Glen Grant 1954 59 Years Old (Gordon & MacPhail “Rare Vintage”, 40% abv)
Colour: Burnished copper
Nose: Initial entry presents a whack of acetone followed by dense sherry, sherried raisins, a trio of stewed plums, apricots and peaches as well as black pepper. With time, oak, cinnamon, a touch of rancio and musk, worn leather, tobacco pouch and cigar ash emerge. Late developing hints of cigar leaves and berry compote complete the full nose. (23/25)
Palate: Initial entry presents more of the rich dense sherry coupled with a touch of acetone, the stewed fruits from the nose as well as mulled wine. The rancio and musk hints then follow and are complemented by worn leather, tobacco pouch and a slight meatiness.

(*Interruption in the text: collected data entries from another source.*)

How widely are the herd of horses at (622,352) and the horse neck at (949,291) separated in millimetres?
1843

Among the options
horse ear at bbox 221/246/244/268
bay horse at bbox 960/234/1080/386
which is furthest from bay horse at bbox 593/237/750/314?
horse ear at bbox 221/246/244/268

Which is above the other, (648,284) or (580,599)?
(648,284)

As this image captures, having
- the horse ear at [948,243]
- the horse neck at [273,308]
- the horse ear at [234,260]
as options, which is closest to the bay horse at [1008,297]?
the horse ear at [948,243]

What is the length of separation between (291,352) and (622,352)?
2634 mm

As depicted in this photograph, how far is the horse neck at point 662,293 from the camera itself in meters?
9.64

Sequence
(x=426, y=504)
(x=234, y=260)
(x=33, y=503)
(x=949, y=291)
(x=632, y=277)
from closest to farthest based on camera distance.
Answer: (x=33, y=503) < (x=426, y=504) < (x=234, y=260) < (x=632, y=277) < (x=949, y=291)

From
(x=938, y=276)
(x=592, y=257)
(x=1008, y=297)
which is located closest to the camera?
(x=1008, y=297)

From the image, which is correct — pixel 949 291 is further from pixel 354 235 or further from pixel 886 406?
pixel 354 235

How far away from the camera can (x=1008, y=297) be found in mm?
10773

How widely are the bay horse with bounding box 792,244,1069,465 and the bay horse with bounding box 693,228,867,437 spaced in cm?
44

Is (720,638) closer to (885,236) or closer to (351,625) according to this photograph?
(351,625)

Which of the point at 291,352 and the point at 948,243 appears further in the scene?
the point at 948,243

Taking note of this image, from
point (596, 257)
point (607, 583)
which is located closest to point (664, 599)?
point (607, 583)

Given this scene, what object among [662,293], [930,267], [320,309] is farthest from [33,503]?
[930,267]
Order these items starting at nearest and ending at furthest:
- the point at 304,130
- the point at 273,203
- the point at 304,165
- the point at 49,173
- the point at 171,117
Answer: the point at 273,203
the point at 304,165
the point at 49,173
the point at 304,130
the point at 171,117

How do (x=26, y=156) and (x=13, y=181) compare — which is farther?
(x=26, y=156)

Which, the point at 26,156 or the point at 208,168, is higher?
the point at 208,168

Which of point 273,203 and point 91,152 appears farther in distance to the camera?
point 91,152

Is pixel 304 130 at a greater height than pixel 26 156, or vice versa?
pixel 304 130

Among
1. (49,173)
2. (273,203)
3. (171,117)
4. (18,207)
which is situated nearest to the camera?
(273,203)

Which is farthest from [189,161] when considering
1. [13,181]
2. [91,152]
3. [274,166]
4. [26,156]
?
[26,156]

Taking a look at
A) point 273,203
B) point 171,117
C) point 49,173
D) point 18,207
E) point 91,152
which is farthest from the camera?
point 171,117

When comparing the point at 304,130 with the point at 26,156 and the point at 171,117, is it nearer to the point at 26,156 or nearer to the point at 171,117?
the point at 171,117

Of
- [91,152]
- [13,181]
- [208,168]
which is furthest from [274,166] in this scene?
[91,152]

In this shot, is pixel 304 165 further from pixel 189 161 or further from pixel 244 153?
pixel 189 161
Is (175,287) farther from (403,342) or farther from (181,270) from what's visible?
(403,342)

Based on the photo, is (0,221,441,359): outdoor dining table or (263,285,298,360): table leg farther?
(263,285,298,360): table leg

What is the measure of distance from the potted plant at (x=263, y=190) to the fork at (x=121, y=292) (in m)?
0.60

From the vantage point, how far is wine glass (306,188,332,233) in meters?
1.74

Black pepper, cinnamon, oak and cigar leaves emerge later on and there is a slight bitterness which provides a rather interestinge edge to the palate that is rather endearing. (23/25)
Finish: Medium to long on the finish, with vestigial hints of the stewed fruits combining with the black pepper, oak, cinnamon, sherry and cigar leaves to give this expression a bittersweet end. (22/25)

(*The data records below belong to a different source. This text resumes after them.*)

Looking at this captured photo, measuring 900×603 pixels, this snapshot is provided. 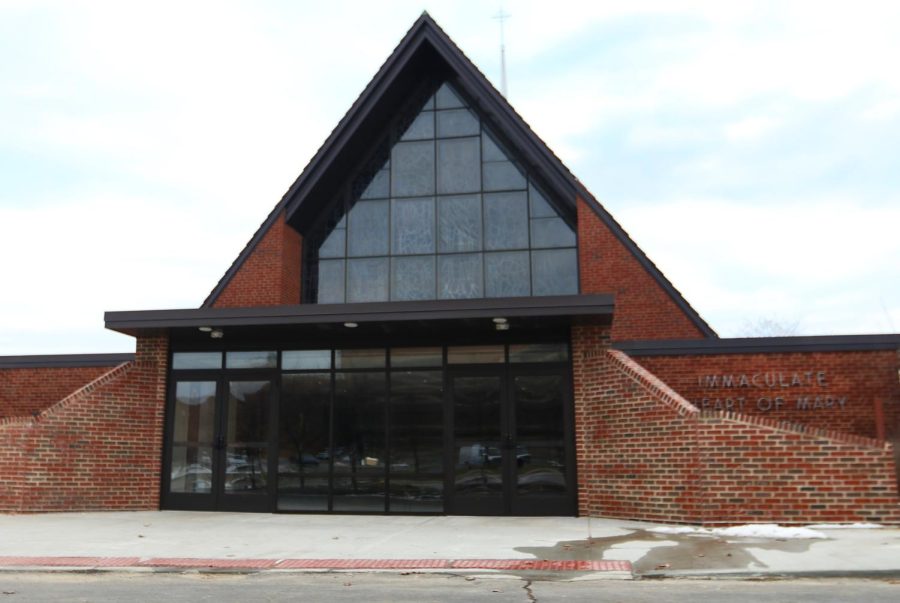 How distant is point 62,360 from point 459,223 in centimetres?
917

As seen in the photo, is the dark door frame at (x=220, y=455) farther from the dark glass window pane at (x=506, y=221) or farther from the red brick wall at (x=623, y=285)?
the red brick wall at (x=623, y=285)

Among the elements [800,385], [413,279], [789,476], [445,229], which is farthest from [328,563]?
[445,229]

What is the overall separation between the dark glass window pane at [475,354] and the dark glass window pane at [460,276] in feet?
11.5

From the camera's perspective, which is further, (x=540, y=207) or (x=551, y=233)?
(x=540, y=207)

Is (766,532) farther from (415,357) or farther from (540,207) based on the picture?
A: (540,207)

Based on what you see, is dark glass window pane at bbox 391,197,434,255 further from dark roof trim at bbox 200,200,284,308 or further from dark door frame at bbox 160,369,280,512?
dark door frame at bbox 160,369,280,512

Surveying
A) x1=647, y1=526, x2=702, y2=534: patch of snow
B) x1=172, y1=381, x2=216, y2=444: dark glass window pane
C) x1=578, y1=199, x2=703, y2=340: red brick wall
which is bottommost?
x1=647, y1=526, x2=702, y2=534: patch of snow

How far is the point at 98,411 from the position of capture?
47.1 feet

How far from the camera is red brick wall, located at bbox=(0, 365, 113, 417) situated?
682 inches

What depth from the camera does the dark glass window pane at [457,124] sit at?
61.2 ft

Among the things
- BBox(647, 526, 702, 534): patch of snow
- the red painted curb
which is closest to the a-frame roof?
BBox(647, 526, 702, 534): patch of snow

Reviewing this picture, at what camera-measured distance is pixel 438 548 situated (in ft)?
31.9

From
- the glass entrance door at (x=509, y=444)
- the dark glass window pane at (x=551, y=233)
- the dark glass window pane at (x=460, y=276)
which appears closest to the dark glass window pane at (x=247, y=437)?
the glass entrance door at (x=509, y=444)

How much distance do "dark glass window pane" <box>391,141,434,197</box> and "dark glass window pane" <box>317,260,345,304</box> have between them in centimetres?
215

Balance: An incredibly well-balanced and immensely enjoyable representation of a Glen Grant from a bygone era. While it is not overly complex, it possesses a veritable treasure trove of aromas and flavours which will surely intrigue and excite the senses. The mouthfeel starts off oily but quickly becomes drying due to the oak and wood spices exerting a rather pronounced influence. (23/25)
If anything, this was an exceptional throwback to a bygone era when the marriage between spirit and sherry was at a different level altogether. While we are still able to find spirits of this calibre in some modern expressions, they are increasingly difficult to obtain and so we must be content with savouring what we can get.
Special thanks must go to Gordon & MacPhail for providing me with this rare and exceptional opportunity to sample and review this incredible expression and I am eternally grateful.
Until the next review, have a wonderful week ahead.